DeepSeek, headquartered in Hangzhou, China, states in its privacy policy that it retains personal information collected from users “on secure servers located in the People’s Republic of China.”
The policy highlights that the company gathers data such as users’ “device model, operating system, keystroke patterns, IP address, and system language.” Additionally, DeepSeek collects “service-related, diagnostic, and performance information, including crash reports and performance logs,” as indicated by the company.
A Distinction from TikTok
DeepSeek’s reliance on servers in mainland China sets it apart from TikTok, the Chinese-owned social media platform that Congress attempted to ban citing national security concerns prior to President Trump’s executive order last week that instructed the Justice Department to hold off on enforcement for 75 days.
In a bid to alleviate U.S. regulatory worries, ByteDance, TikTok’s parent company, transferred all U.S. data to infrastructure owned by American software giant Oracle in 2022.
The legislation aimed at banning TikTok—the “Protecting Americans from Foreign Adversary Controlled Applications Act,” signed into law by President Biden last April—gives the federal government substantial authority to take action against tech platforms owned by entities from countries deemed adversarial to the U.S.

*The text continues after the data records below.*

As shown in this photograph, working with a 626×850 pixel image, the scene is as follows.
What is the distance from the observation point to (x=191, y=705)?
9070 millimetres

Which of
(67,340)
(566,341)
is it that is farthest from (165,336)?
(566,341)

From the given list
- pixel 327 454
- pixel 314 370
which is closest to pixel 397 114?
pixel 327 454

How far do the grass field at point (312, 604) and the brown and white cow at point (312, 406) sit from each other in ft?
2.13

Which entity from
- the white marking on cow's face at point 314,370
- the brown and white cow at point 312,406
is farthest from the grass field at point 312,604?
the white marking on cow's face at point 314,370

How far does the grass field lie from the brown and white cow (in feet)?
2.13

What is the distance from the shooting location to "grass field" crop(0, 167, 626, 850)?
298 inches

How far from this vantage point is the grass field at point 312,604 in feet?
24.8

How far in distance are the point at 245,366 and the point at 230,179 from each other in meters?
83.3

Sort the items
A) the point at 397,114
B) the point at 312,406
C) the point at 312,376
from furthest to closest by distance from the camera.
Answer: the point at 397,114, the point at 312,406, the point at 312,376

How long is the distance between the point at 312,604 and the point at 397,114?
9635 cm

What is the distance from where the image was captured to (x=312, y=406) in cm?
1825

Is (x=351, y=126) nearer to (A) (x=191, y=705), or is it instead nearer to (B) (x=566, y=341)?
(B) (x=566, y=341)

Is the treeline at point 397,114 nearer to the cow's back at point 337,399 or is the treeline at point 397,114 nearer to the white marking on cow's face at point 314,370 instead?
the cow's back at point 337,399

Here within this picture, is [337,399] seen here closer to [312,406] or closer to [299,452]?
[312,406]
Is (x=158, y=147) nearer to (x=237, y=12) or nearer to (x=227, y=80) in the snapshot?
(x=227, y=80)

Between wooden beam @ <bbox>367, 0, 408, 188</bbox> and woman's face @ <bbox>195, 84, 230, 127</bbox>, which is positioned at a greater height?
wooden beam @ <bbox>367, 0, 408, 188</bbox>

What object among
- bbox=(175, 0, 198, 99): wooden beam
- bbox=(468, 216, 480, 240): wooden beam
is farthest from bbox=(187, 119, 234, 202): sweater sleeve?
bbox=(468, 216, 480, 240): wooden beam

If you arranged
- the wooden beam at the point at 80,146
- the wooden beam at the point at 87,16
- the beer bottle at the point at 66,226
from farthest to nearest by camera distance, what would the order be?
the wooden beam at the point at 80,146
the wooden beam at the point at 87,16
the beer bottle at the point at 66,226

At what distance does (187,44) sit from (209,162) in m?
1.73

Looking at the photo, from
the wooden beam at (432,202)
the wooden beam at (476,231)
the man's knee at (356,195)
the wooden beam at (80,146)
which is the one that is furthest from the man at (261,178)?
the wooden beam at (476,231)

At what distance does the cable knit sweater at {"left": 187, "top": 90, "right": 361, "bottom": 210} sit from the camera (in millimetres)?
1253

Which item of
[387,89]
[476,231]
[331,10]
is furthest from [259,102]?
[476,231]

This law permits Congress to mandate that a platform separates its U.S. operations from foreign ownership, and can lead to shutdowns if the platform is deemed a significant threat. It encompasses any platform that allows content sharing, has over one million monthly active users, is owned by a company located in a foreign adversary-controlled nation, and has been identified by the president as posing a notable national security risk.
However, DeepSeek may be perceived as a lesser threat because it is an open-source large language model, according to Matt Sheehan, a China fellow at the Carnegie Endowment for International Peace.

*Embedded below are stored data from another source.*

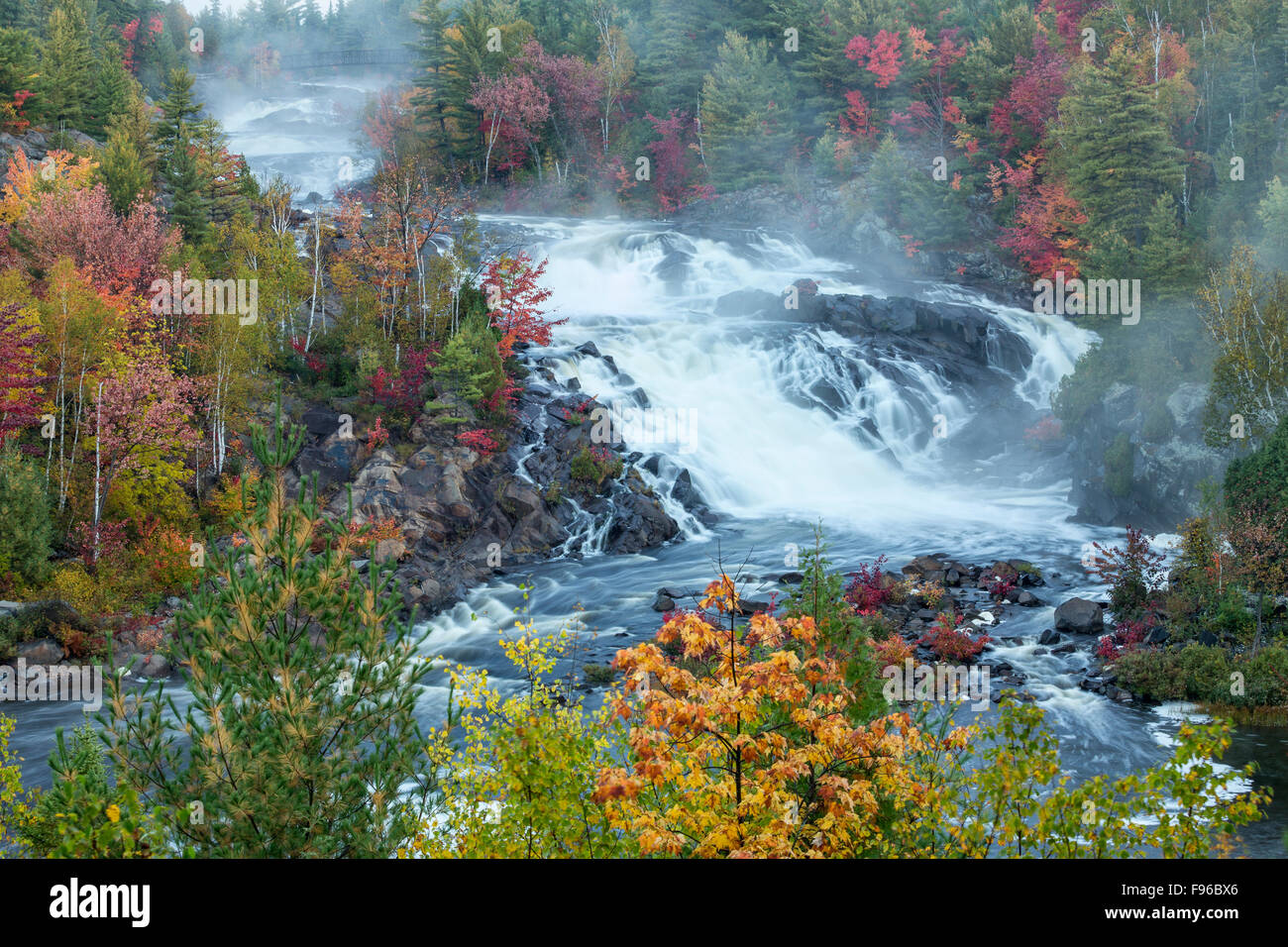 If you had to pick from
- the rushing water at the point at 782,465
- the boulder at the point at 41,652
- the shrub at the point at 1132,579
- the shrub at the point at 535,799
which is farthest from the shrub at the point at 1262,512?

“Many of these open-source applications can be directly used on other platforms. For example, Perplexity, a significant U.S. AI company, currently operates a version of DeepSeek without the associated data privacy or security risks,” he told CBS News.
The Issue of Censorship
DeepSeek users outside of China may encounter issues related to censorship. A CBS News analysis revealed that DeepSeek did not return any results when prompted for information regarding the 1989 Tiananmen Square protests and the subsequent crackdown in Beijing.

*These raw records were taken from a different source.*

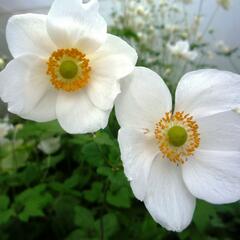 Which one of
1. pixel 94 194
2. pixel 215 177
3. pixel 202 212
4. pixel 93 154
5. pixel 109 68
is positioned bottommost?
pixel 94 194

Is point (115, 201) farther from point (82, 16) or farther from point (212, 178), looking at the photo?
point (82, 16)

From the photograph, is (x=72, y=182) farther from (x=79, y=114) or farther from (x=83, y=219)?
(x=79, y=114)

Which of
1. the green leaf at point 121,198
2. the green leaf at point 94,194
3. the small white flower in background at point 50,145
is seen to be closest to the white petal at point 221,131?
the green leaf at point 121,198

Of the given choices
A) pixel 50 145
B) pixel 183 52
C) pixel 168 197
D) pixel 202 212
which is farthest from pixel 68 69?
pixel 183 52

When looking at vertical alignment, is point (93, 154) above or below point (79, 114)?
below

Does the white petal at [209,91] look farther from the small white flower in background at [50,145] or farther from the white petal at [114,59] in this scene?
the small white flower in background at [50,145]

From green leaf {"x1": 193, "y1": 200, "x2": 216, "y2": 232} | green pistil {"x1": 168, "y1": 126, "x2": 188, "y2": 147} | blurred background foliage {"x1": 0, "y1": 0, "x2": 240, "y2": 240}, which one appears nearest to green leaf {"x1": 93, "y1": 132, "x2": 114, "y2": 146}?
blurred background foliage {"x1": 0, "y1": 0, "x2": 240, "y2": 240}

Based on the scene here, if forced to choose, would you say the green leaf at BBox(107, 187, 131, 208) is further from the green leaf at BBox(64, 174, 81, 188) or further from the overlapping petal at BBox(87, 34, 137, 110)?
the overlapping petal at BBox(87, 34, 137, 110)

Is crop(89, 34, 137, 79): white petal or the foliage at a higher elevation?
crop(89, 34, 137, 79): white petal
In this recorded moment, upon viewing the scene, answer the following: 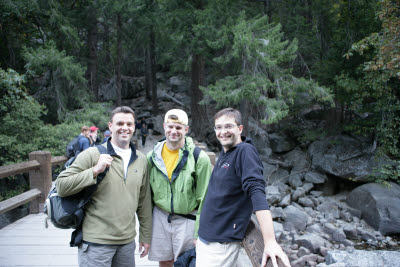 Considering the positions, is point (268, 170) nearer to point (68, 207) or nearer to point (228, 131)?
point (228, 131)

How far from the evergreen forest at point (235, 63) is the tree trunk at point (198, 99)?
6 cm

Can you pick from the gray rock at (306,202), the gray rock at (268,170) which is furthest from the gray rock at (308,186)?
the gray rock at (268,170)

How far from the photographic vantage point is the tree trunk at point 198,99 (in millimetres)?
16591

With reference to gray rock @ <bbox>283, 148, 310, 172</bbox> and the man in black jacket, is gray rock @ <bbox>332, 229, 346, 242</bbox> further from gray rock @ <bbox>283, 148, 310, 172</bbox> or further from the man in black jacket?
the man in black jacket

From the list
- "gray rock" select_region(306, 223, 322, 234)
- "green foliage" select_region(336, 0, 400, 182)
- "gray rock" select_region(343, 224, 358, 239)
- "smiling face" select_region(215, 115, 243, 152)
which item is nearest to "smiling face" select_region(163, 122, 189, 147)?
"smiling face" select_region(215, 115, 243, 152)

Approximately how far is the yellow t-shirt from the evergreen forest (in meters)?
6.98

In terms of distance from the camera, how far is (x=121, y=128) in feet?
7.80

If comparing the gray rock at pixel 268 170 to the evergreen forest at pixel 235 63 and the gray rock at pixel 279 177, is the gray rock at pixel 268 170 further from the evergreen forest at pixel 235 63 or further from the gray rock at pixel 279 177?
the evergreen forest at pixel 235 63

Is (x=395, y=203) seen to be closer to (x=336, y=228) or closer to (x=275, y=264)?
(x=336, y=228)

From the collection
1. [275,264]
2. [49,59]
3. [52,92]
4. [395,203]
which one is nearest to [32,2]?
[49,59]

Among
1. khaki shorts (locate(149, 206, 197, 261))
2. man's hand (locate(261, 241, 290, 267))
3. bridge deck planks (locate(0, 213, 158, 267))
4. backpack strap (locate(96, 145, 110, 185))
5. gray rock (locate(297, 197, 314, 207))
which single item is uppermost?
backpack strap (locate(96, 145, 110, 185))

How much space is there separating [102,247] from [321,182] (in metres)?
13.6

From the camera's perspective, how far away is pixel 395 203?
34.6 ft

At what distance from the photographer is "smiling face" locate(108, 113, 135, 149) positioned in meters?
2.38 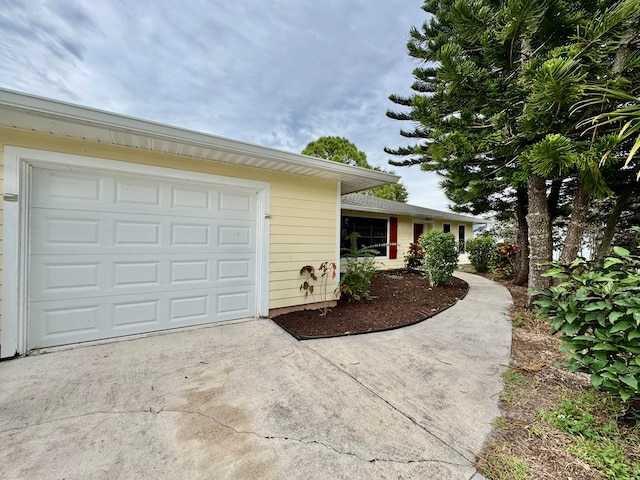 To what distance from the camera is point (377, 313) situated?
14.7 feet

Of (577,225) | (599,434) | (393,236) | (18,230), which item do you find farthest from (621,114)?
(393,236)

Burley from the Centre for Information Resilience believes that such suppression of information on an app downloaded by millions may compel policymakers to take decisive action.
“It is essential for Western governments—the U.K., Canada, the U.S.—to assess whether the Apple store and Android store should host this large language model when it’s evidently curated to promote Chinese narratives and censorship,” he remarked.